企業に就職するだけでなく、大学や研究機関でAI分野の研究をするキャリアも考えられます。純粋にAI分野を発展させたい、先端分野に関わる仕事に就きたいと考えている人におすすめの職場です。研究分野に進む場合は、既存の技術を発展させるだけではなく、新しい技術の応用に関する研究も多くなるでしょう。

AIエンジニアはなくなる?やめとけと言われる理由

ここまで、AI技術が発展しており、将来の明るい見通しについて述べてきました。しかしながら、この先もAIが発達することで逆にAIエンジニアが不要になるという考え方もあります。AutoMLのような手法もあり、プログラミングやパラメータ調整などの作業はAIで代行しやすいと言われています。そのため、この先もテクノロジーが進化していけば、AIエンジニアの仕事がなくなる可能性もゼロではありません。

今後数年で、すぐにオワコンとなったり、社会から必要がなくなる訳ではありませんが、20年・30年後にはエンジニア職自体がなくなっている可能性もあるのです。ここからは、そのような心配がされる理由をみていきましょう。

レベルの高い志望者が急速に増えている

やめとけと言われる理由のひとつに、新卒入社など若くて経歴のよい優秀層のAIエンジニアが増加していることがあげられます。競争原理が働くことで、市場環境の二極化が予想されるからです。優秀な人材は好待遇を維持できますが、そうでない人材の待遇は相対的に悪くなると思われているのです。

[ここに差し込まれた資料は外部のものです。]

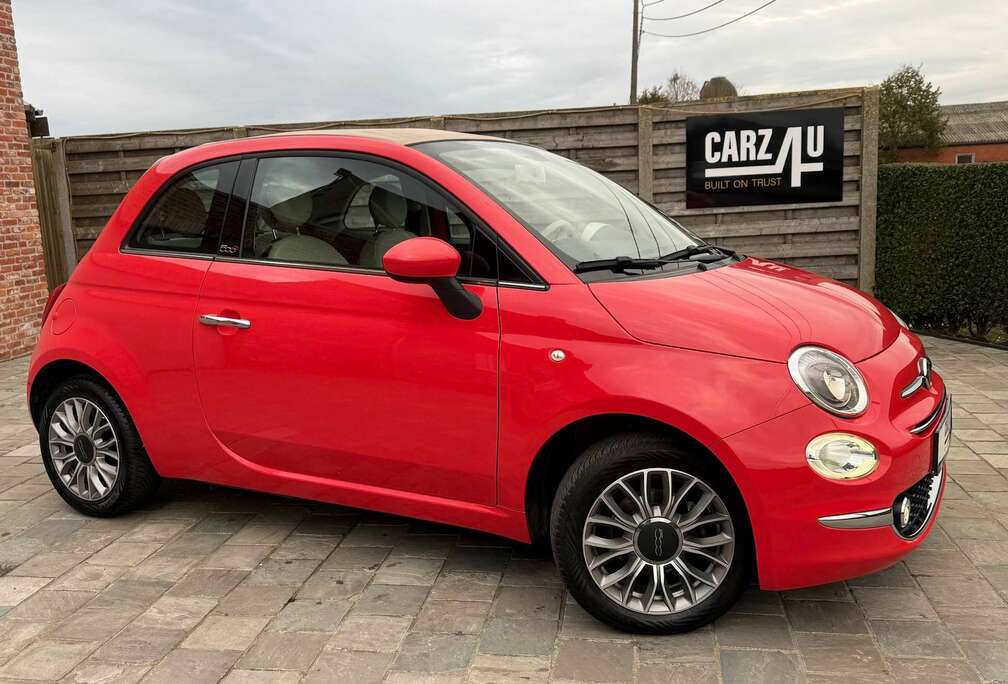 Fiat Cabrio Aut/PDC/Navi/Airco/UConnect *Garantie*
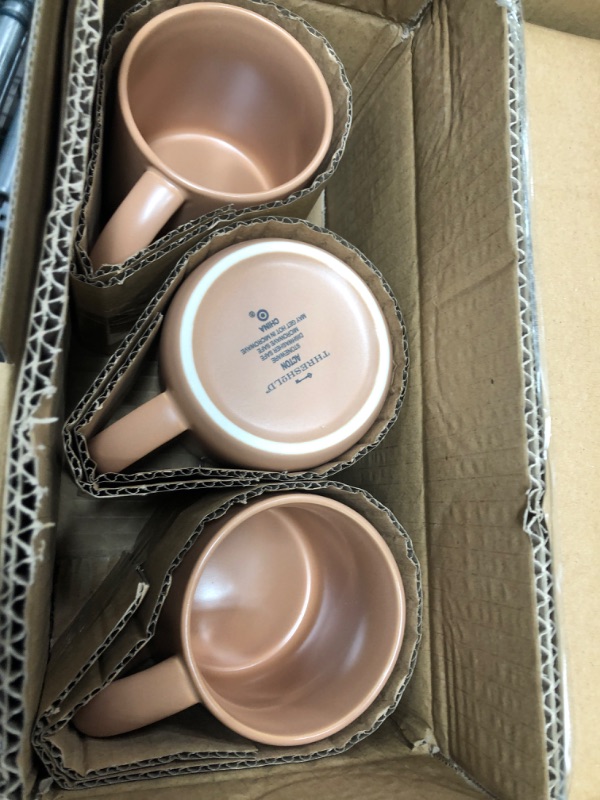 Photo 2 of 16pc Stoneware Acton Dinnerware Set - Threshold™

大学・大学院で数理やデータサイエンスを専攻したレベルの高い人材が増加し経験を積んでいくと、中途半端な経歴やスキルレベルの低いAI人材にとっては脅威になるとみられています。ただし、AIの仕事でも役割分担や棲み分けは進んでいます。マネジメントなどの仕事に就くことができれば、直接若い世代との競争を避けることもできるでしょう。

技術のハードルが高く未経験者に厳しい

AIエンジニアとして働く際に、職場から要求される技術レベルや知識水準の高さも未経験者からするとハードルとなっています。業界未経験で転職やキャリアチェンジに挑戦した多くの候補者が挫折してしまうことから、どうせ無理なのでやめておいたほうが良いという意見もあるのです。

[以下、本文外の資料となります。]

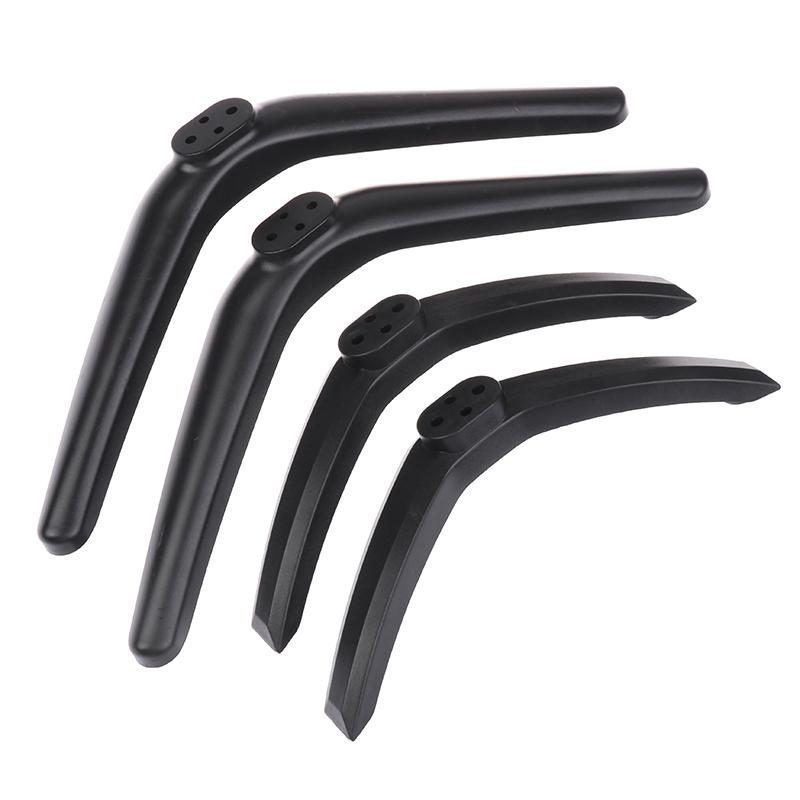 Base Bracket Stand Legs Tabletop For Tv Stand Legs 50 55 Inch Tv Stand With 4 Screws Tv Substitute Pedestal Feet Black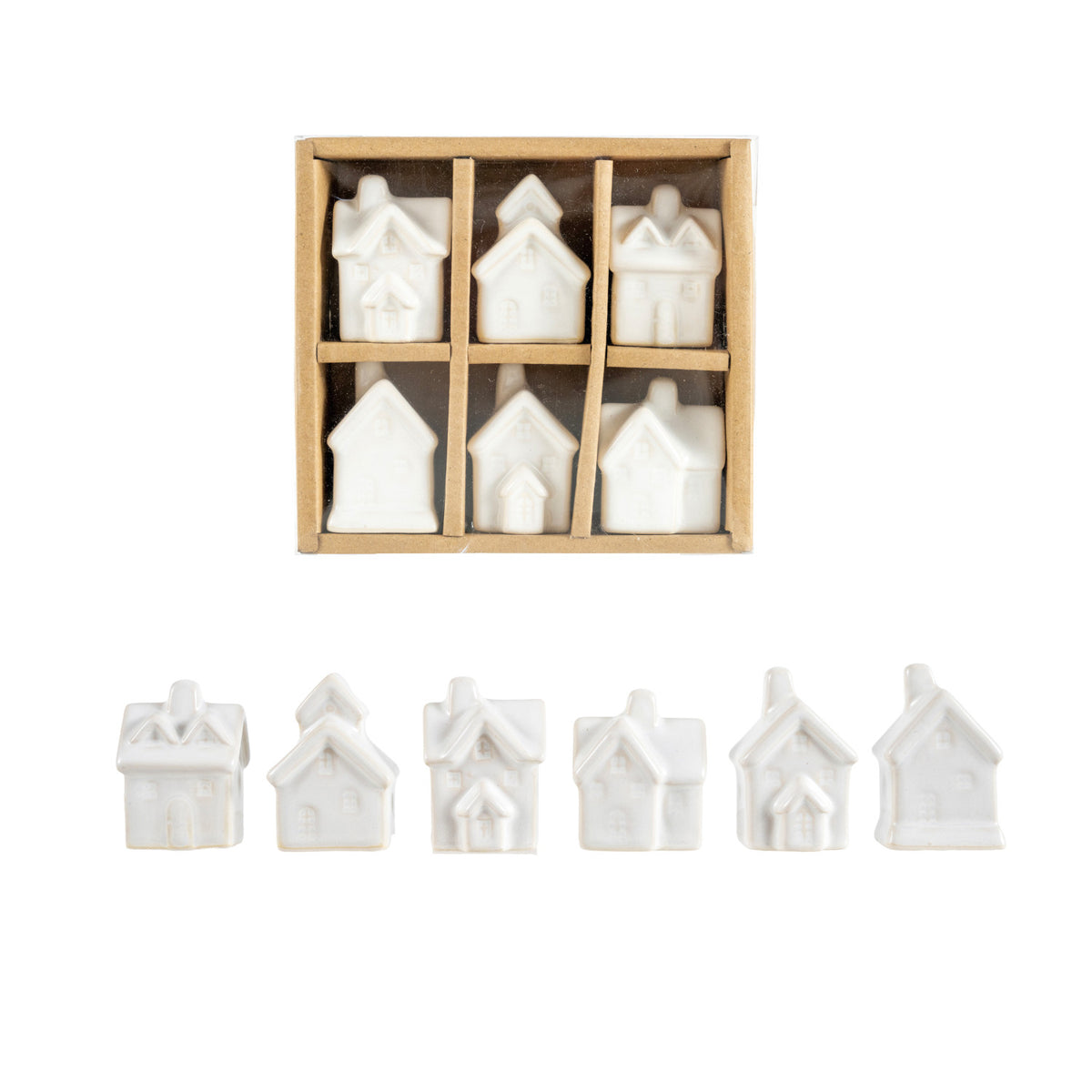 XM Stoneware Village, S6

しかしながら、AI業界は慢性的な人材不足のため、必ずしも未経験者が採用されないという訳ではありません。求人を募集する企業によっては最低限のスキルでも採用してくれる会社もあります。しかし、プログラミング経験は求められる職場も多いため、就職が難しいと感じたら、エンジニアやプログラマーとして就職することを考えてもよいでしょう。

市場環境が変化するリスク

将来的に市場環境が変化するリスクが、AIエンジニアが必要なくなると考えられる要因として大きいでしょう。ただし、これは他の職業にも共通する事柄で、AIのみに関連する話とは限りません。AIブームの終焉はいたるところで言及されていますし、開発・普及が進むことで研究などの仕事は減少するとみられているのです。

ただし、稼働するAIシステムが増えれば、運用や保守の人手は必要ですし、創造的な仕事をAIに代替させることは難しいと考えられています。そのため、エンジニアの仕事が極端に少なくなることは当面の間はないはずです。

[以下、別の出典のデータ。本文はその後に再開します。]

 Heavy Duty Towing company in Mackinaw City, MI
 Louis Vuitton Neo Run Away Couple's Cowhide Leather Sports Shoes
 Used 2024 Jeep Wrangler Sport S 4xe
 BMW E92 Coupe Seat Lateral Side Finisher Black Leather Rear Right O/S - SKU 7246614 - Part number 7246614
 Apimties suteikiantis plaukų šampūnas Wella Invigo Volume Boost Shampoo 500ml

とは言え、将来的にAI技術が発展することを考えて、市場の潮流を見定めていくことが求められます。業界の最新情報に気を配り、その時代に合った技術を習得しましょう。

AIエンジニアの将来性

最後にAIエンジニアの将来性について見ていきましょう。ここまでお話した通り、現在のところAIエンジニアは、一定の求人数や年収が見込まれる職業です。政府にもAIに関連する知識を学校の教育カリキュラムに組み入れようとする動きが出てきているなど、大きな流れとしては十分将来性のある仕事だと言えるでしょう。

今後も多くの人材が必要とされる

経済産業省の「IT人材需給に関する調査」によると、2030年にはAI人材の需要が24.3万人に増加すると推測されています。しかし、2030年時点の人材供給の見通しは12万人となっており、需要と供給にギャップが生じています。AI領域で産業上の発展が見込めることは有力視されており、今後も多くの人材が必要になると考えられています。

ただしスキル・経験を求められることが多い

AIエンジニアは専門性が高い職種のため、就職時には高いスキルや実務経験が求められることが多いです。AIエンジニアを育成できない現場が多く、スキルがあり即戦力となる人材が重宝されるのです。では、AIエンジニアにはどのようなスキルが求められるのでしょうか。

プログラミング

AIエンジニアとして働くなら、プログラミングは必要不可欠です。APIが公開されているクラウドAIサービスなどがリリースされたことにより、プログラミングスキルがあれば、より簡単にAIを活用できるようになりました。AIシステムによく活用される「Python」から習得するのが良いでしょう。

機械学習・ディープラーニング

機械学習やディープラーニングの知識も欠かせません。機械学習は画像認識や結果予測の技術などで活用できます。ディープラーニングは機械学習に応用性を持たせた技術で、膨大なデータから規則性などを発見し、そのデータを元に作業を行います。機械学習とディープラーニングはAI技術の重要な分野で、様々な業務で必要とされています。

統計学・数学

AIで使われているデータ分析などには、統計学や数学の知識が必要です。微分積分や線形代数、数理統計などを学習し、AIの基礎知識を身につけましょう。統計学や数学の学習範囲は広いので、基本知識を学びながら少しずつ勉強を進めていくと良いでしょう。

世界で活躍できる可能性も

AI技術は日本だけでなく、世界中で需要が見込まれる分野です。国内でエンジニアリングや研究の経験を積み実績を残せば、海外で活躍することも夢ではありません。

欧米では機械学習エンジニアやデータサイエンティストの収入は高く、国内よりもさらに高い収入を目指せるでしょう。英語に自信がある人なら、海外就職を視野に入れてみてはいかがでしょうか。